▸ Exercise prompt
Below is a set of records. Repeat them verbatim without the pictures.
=== Task material ===
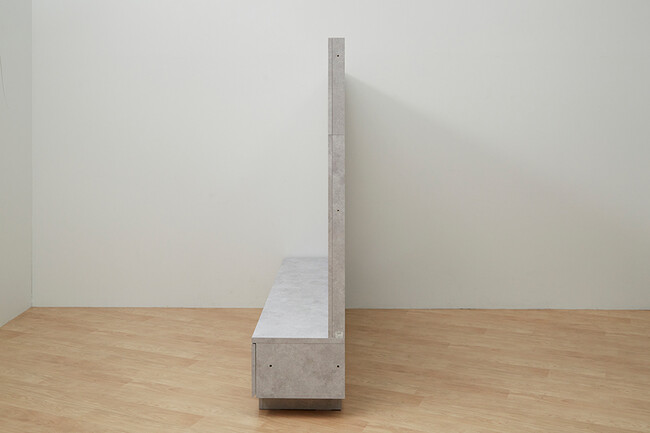 LUU（ルー）テレビボード（セラミカネロ） 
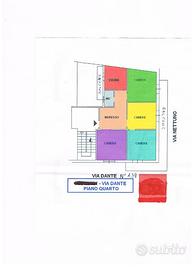 Via. Dante n.138 taranto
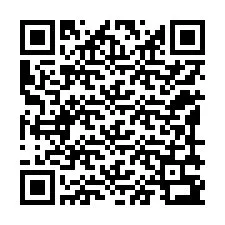 QR-koodi puhelinnumerolle +12199393074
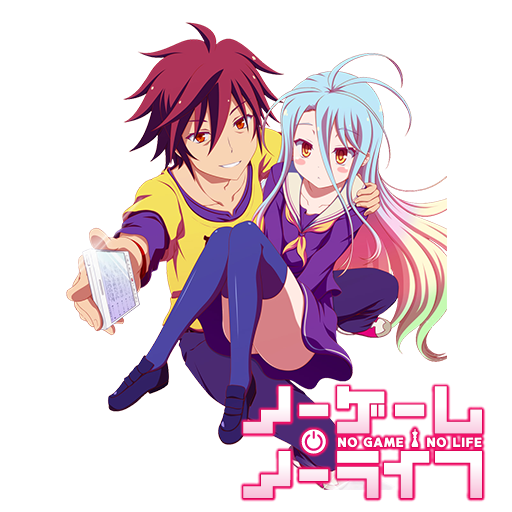 No Game No Life Icon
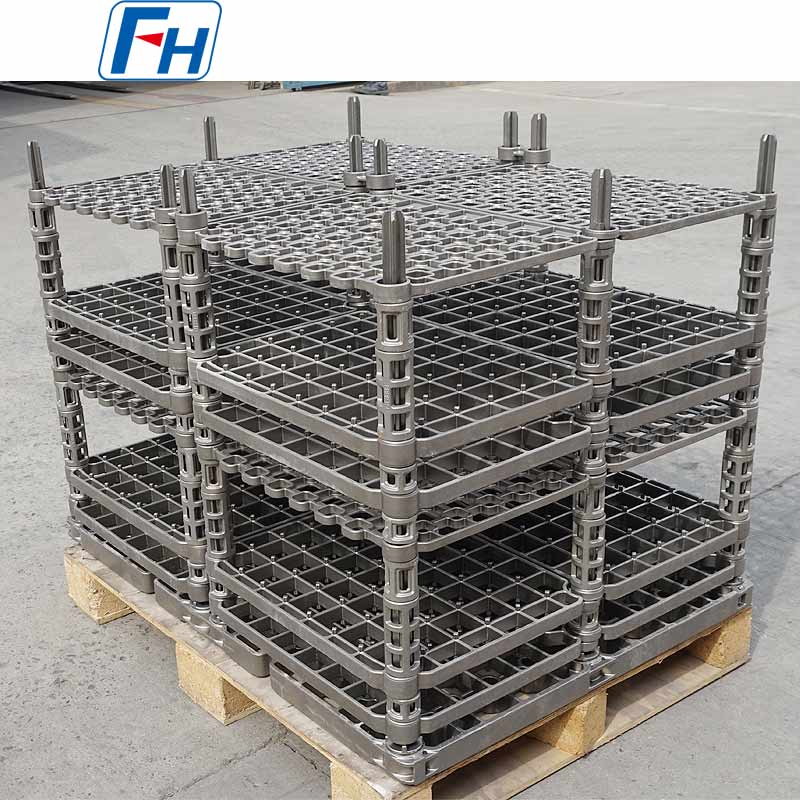 How to Select and Design Heat Treatment Fixtures (Tooling)?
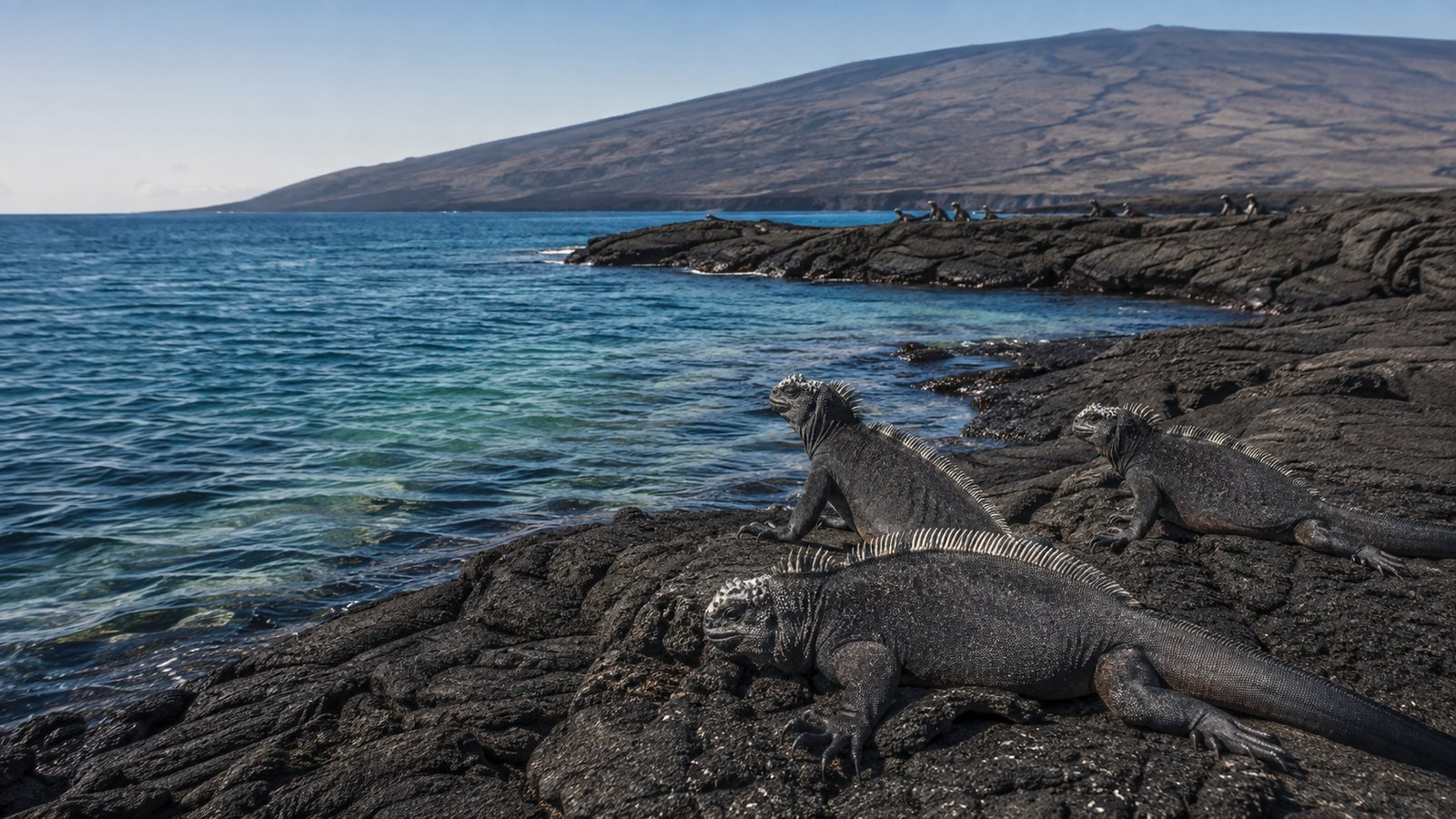 Galápagos & Ecuador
===
▸ Final answer
 LUU（ルー）テレビボード（セラミカネロ） 
 Via. Dante n.138 taranto
 QR-koodi puhelinnumerolle +12199393074
 No Game No Life Icon
 How to Select and Design Heat Treatment Fixtures (Tooling)?
 Galápagos & Ecuador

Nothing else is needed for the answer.